**About this task**.
Print, from the listing below, the lines starting at the line containing "Now let's look" and ending at the line containing "To add security", exactly as they stand, and print nothing else.

##### Material provided #####

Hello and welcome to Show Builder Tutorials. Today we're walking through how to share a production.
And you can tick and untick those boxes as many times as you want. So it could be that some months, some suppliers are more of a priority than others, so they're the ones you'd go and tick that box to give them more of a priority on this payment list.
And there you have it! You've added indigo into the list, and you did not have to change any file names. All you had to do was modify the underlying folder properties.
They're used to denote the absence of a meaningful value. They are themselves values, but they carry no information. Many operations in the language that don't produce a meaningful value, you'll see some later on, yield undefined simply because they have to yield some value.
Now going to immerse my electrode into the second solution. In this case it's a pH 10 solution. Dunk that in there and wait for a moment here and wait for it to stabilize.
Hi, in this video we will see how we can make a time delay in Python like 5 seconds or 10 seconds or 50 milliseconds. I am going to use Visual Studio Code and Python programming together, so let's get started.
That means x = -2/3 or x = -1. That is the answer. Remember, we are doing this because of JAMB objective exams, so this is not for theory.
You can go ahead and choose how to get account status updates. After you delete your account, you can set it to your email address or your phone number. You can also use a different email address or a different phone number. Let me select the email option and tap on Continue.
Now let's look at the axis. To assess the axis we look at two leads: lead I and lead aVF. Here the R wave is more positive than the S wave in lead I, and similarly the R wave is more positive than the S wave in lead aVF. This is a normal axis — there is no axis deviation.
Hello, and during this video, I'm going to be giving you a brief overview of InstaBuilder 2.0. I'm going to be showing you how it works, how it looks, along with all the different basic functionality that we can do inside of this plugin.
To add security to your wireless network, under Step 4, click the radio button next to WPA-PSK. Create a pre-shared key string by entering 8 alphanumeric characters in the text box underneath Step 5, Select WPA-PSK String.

#####
##### Material provided #####

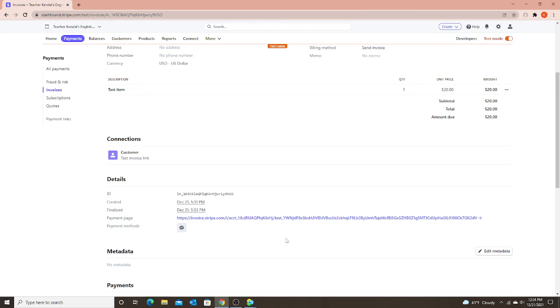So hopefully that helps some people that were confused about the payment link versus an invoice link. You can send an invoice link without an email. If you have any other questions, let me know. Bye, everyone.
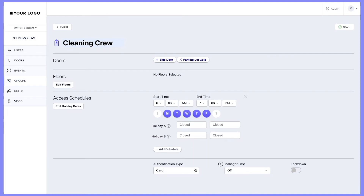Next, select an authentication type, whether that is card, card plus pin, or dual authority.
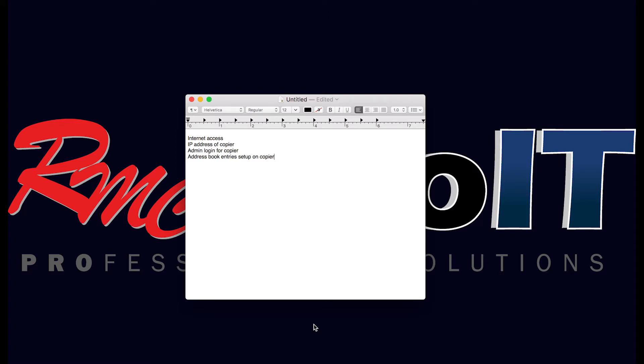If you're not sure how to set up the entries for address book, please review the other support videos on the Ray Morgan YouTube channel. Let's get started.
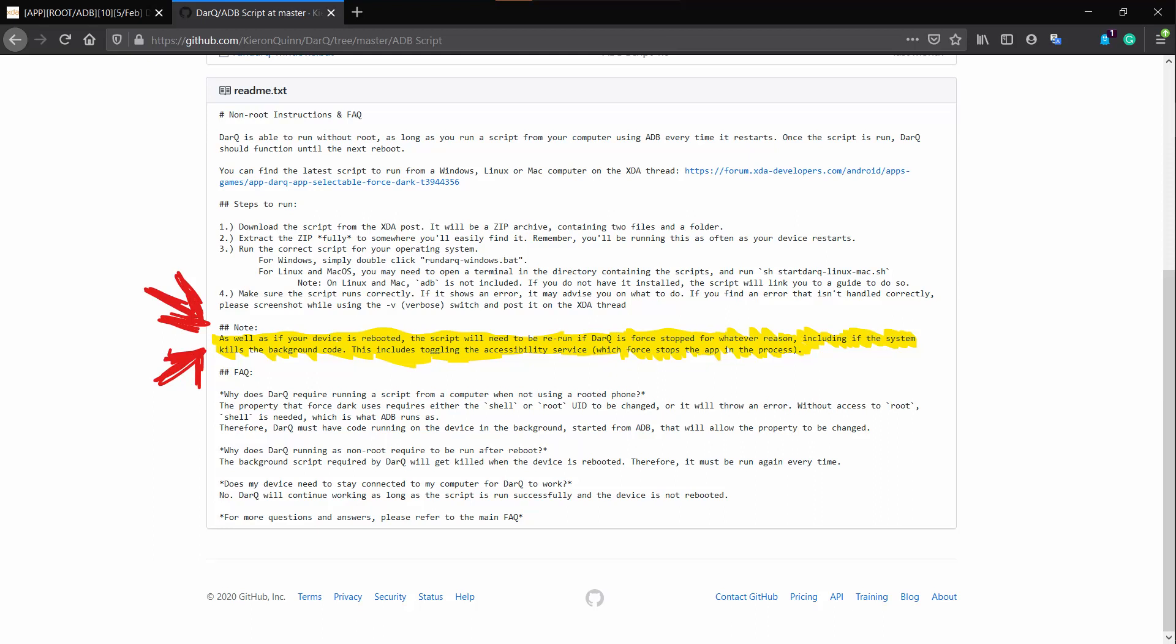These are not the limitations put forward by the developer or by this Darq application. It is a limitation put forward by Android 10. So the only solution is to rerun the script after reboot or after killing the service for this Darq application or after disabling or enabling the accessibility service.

#####

**Exercise result**.
Now let's look at the axis. To assess the axis we look at two leads: lead I and lead aVF. Here the R wave is more positive than the S wave in lead I, and similarly the R wave is more positive than the S wave in lead aVF. This is a normal axis — there is no axis deviation.
Hello, and during this video, I'm going to be giving you a brief overview of InstaBuilder 2.0. I'm going to be showing you how it works, how it looks, along with all the different basic functionality that we can do inside of this plugin.
To add security to your wireless network, under Step 4, click the radio button next to WPA-PSK. Create a pre-shared key string by entering 8 alphanumeric characters in the text box underneath Step 5, Select WPA-PSK String.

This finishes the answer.